NUMA nodes scalability

NUMA nodes scalability

Due the limitation of my workstation CPU was testing Bifrost MPM on cloud VM.

So far as a test is working fine, but to substantially improve speed will need to use 32 - 48 or 64 cores machines, that are designed as 1, 2 or 4 NUMA nodes. 

Wondering if using more than 1 node will substantially lower the speed scalability in Bifrost simulation.

Looking better at the specs with AMD CPU the expected nodes are

32  core - 4 NUMA nodes

48 - 6 NUMA nodes

64 - 8 NUMA nodes

96 - 12 NUMA nodes


With Intel CPU we have

32 core - 1 NUMA node

48 - 1 or 2 NUMA node

64 - 2 NUMA node

72 - 2 NUMA node


There are official CoreMark benchmarks but not sure if they are relevant for Bifrost MPM sim, the bench seem not being impacted from NUMA nodes count.
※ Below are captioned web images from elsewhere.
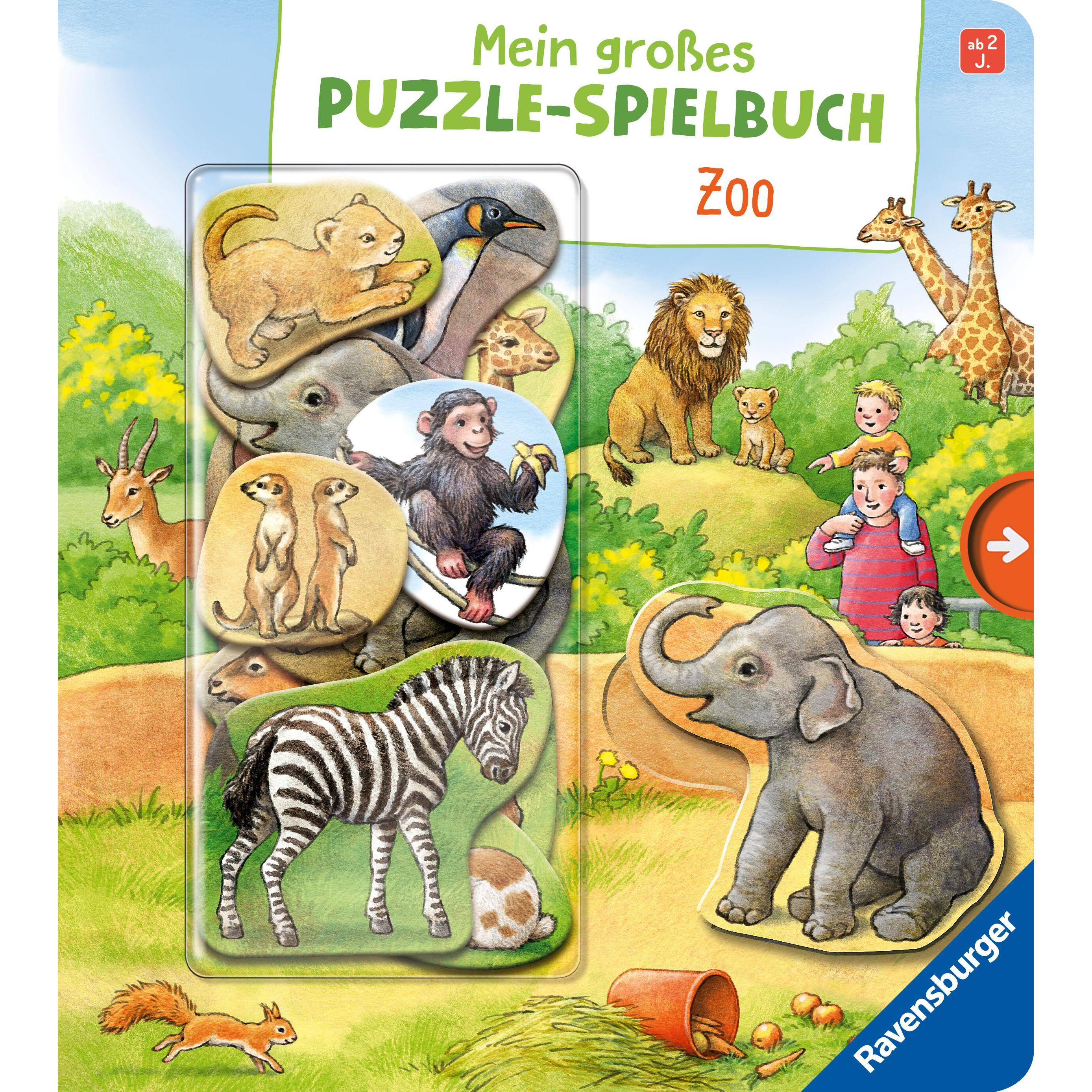 Mein grosses Puzzle-Spielbuch Zoo, Kinderbücher von Anne Möller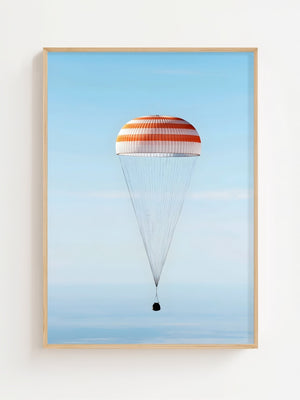 Parachute Descent Plakat - 21 x 29.7 cm (A4) - Nellastore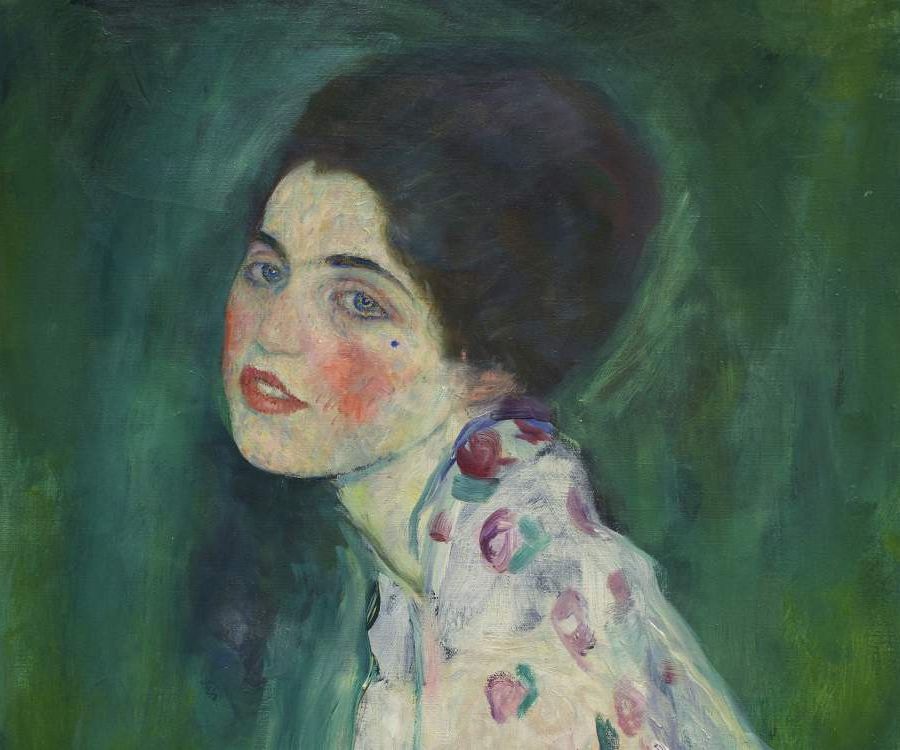 Al Forte di Bard il 'Ritratto di signora' di Gustav Klimt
I have done some tests on Azure standard (not dedicated) instances F64, D64, D32, D16, HB120

Seems having 16 or 120 vCPU (threads) available make little difference

On my Ryzen 6 core CPU I need about 30 sec to generate every frame

On all these instances I need btw 55 sec to 1 min to do the same

CPU usage range from 85% (16 vCPU) to 60% (64 vCPU), but in all cases in 1 min of work there is 10-15 sec of max CPU usage and next all the time on single thread activities

Attached the average usage profile.

This is way different than on my Ryzen CPU where the full CPU load is much more extended.

Wanted to ask what's in your experience the right balance to find max performance: need I to use a dedicated server or a simple 6-->12 core local CPU upgrade (also different generations) will in fact be the best.